__EXERCISE INSTRUCTIONS__: Pictures excluded, reproduce exactly the lines below from the one with "vertebrate, domestic, one" through the one with "2 Chrysanthemum Plants", both included.

__AVAILABLE DATA__:
★ ★ ★ ★ ★

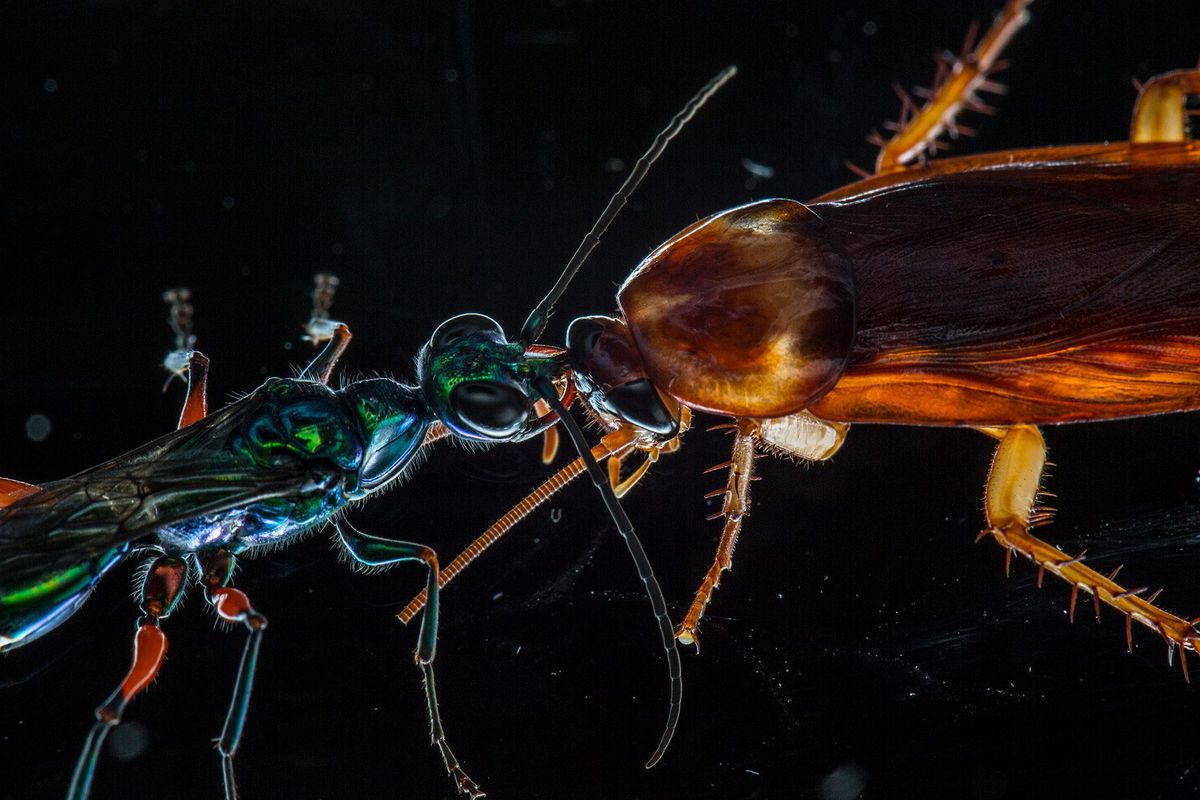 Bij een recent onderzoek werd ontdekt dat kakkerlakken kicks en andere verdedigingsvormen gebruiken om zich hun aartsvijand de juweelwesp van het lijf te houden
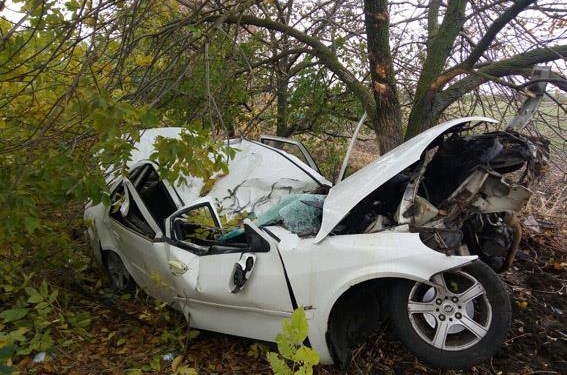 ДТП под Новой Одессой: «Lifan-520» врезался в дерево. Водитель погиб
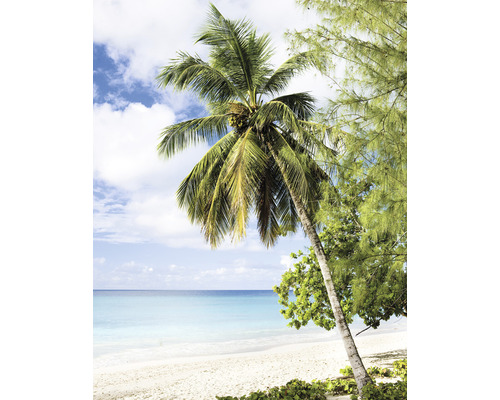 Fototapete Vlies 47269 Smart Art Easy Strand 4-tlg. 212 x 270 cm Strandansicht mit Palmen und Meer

★ ★ ★ ★ ★

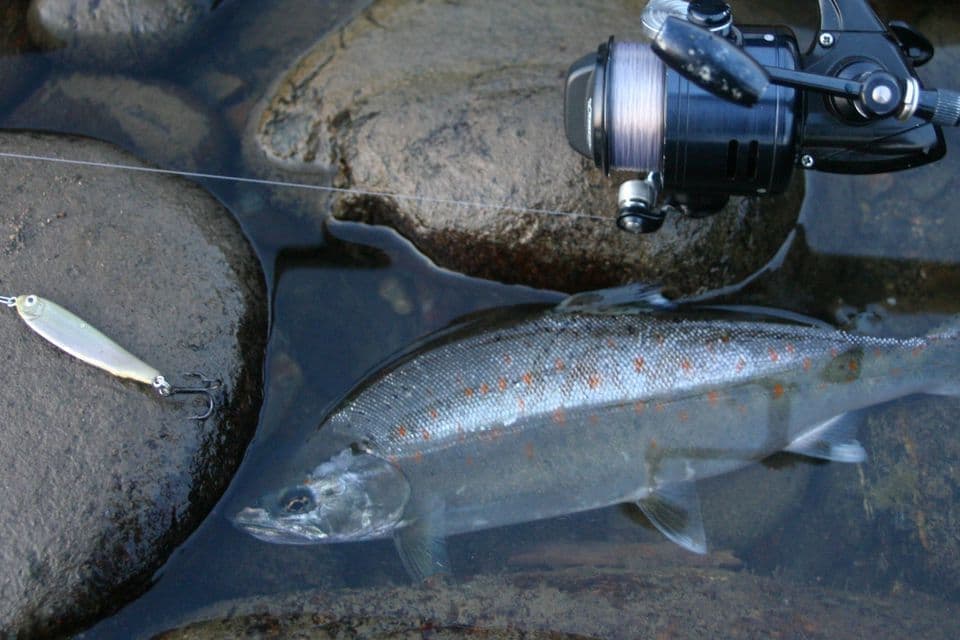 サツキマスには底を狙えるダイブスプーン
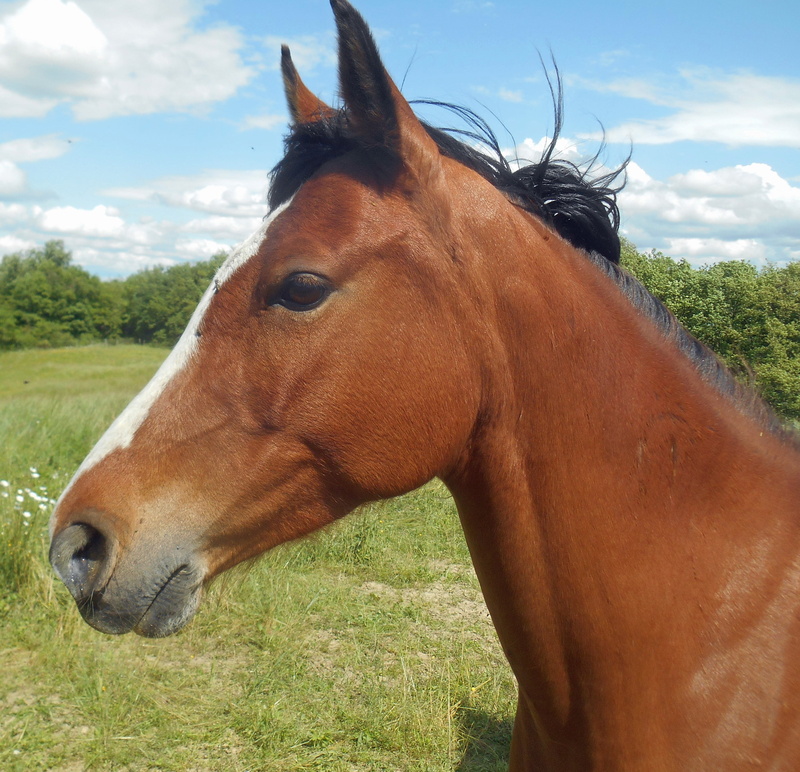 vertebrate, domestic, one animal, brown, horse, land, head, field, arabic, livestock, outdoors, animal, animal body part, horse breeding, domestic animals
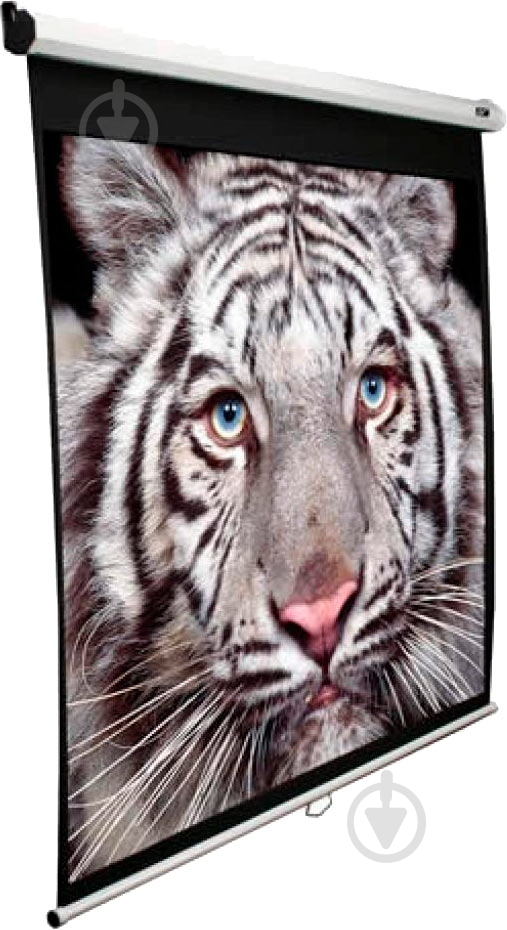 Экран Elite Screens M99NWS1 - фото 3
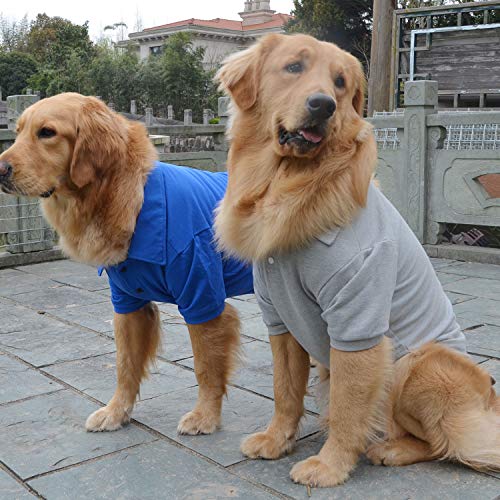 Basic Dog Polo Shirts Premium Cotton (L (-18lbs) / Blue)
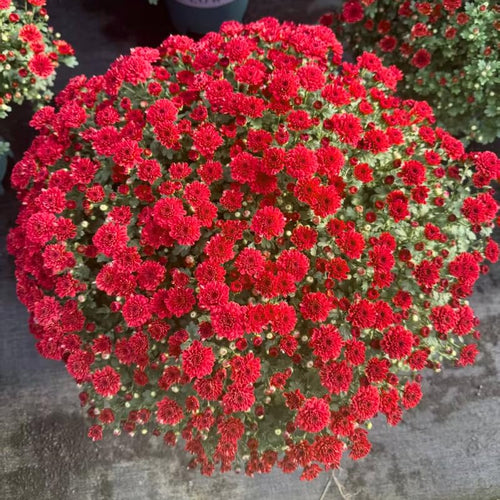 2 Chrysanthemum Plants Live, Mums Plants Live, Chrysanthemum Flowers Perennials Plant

★ ★ ★ ★ ★

__ANSWER SECTION__:
 vertebrate, domestic, one animal, brown, horse, land, head, field, arabic, livestock, outdoors, animal, animal body part, horse breeding, domestic animals
 Экран Elite Screens M99NWS1 - фото 3
 Basic Dog Polo Shirts Premium Cotton (L (-18lbs) / Blue)
 2 Chrysanthemum Plants Live, Mums Plants Live, Chrysanthemum Flowers Perennials Plant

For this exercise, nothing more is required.